The phishing emails cyberattacks trend places significant responsibility on users, particularly as attackers continue to refine how these messages are presented. The Council stressed that individuals and employees remain a primary target, making awareness a critical part of any defence strategy. To reduce exposure, the Council advised users to avoid interacting with suspicious links or messages and to refrain from scanning QR codes in untrusted environments. It also emphasised the importance of keeping login credentials private and enabling multi-factor authentication across accounts. Regular system updates and application patches were also highlighted as necessary steps to limit vulnerabilities that may be exploited following a phishing attempt.

Reporting Plays a Key Role in Limiting Damage

Beyond prevention, the UAE Cyber Security Council underlined the importance of timely reporting in addressing phishing emails cyberattacks.
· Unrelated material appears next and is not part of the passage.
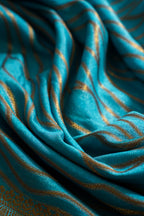Close-up of teal fabric with gold stripes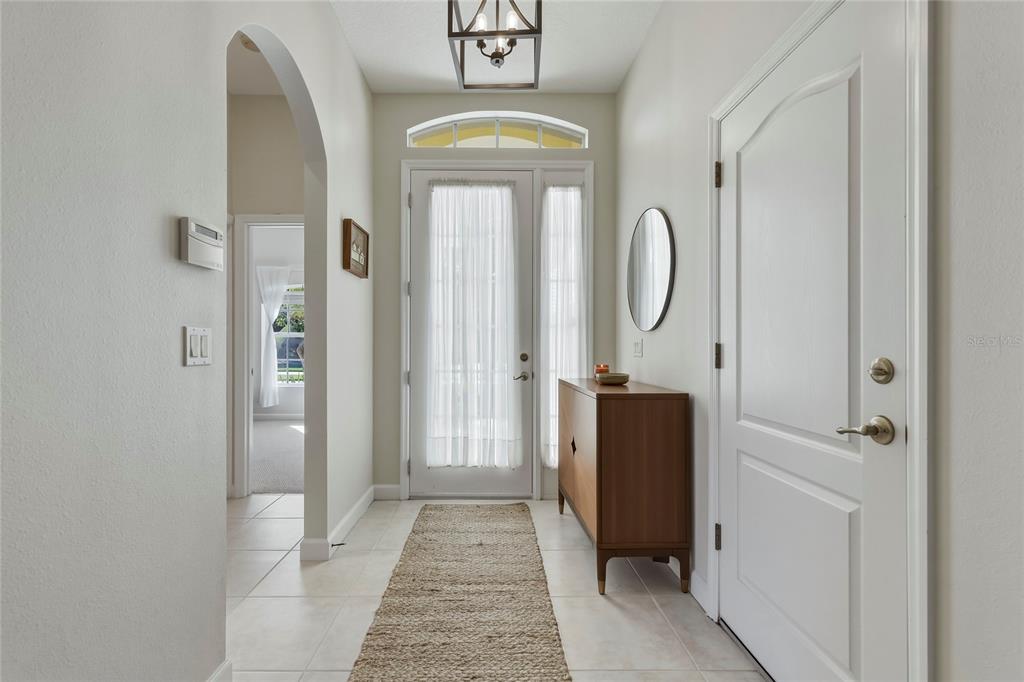 A bright entryway features tile flooring, a wooden console table, and a glass-paneled front door — 565 GREENLEAF LANE, TITUSVILLE, FL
Users who identify suspicious messages are encouraged to report them immediately rather than ignore or delete them. Early reporting allows security teams to analyse patterns, identify ongoing campaigns, and take steps to block further attacks. In large-scale phishing operations, even a single reported message can help trace and disrupt wider activity. The Council reiterated that quick action at the user level can significantly reduce the overall impact of these attacks.

Phishing Emails Cyberattacks Remain a Persistent Threat

The continued dominance of phishing emails cyberattacks reflects a broader trend in the cybersecurity landscape. While organisations invest in advanced tools and systems, attackers continue to rely on methods that require minimal technical effort but deliver consistent results. The Council noted that safety in cyberspace has become an ongoing challenge, particularly as digital communication channels expand. Email remains one of the most widely used platforms, making it a reliable target for threat actors. The warning serves as a reminder that phishing is not a declining threat. It remains active, widespread, and closely tied to how users interact with everyday digital tools.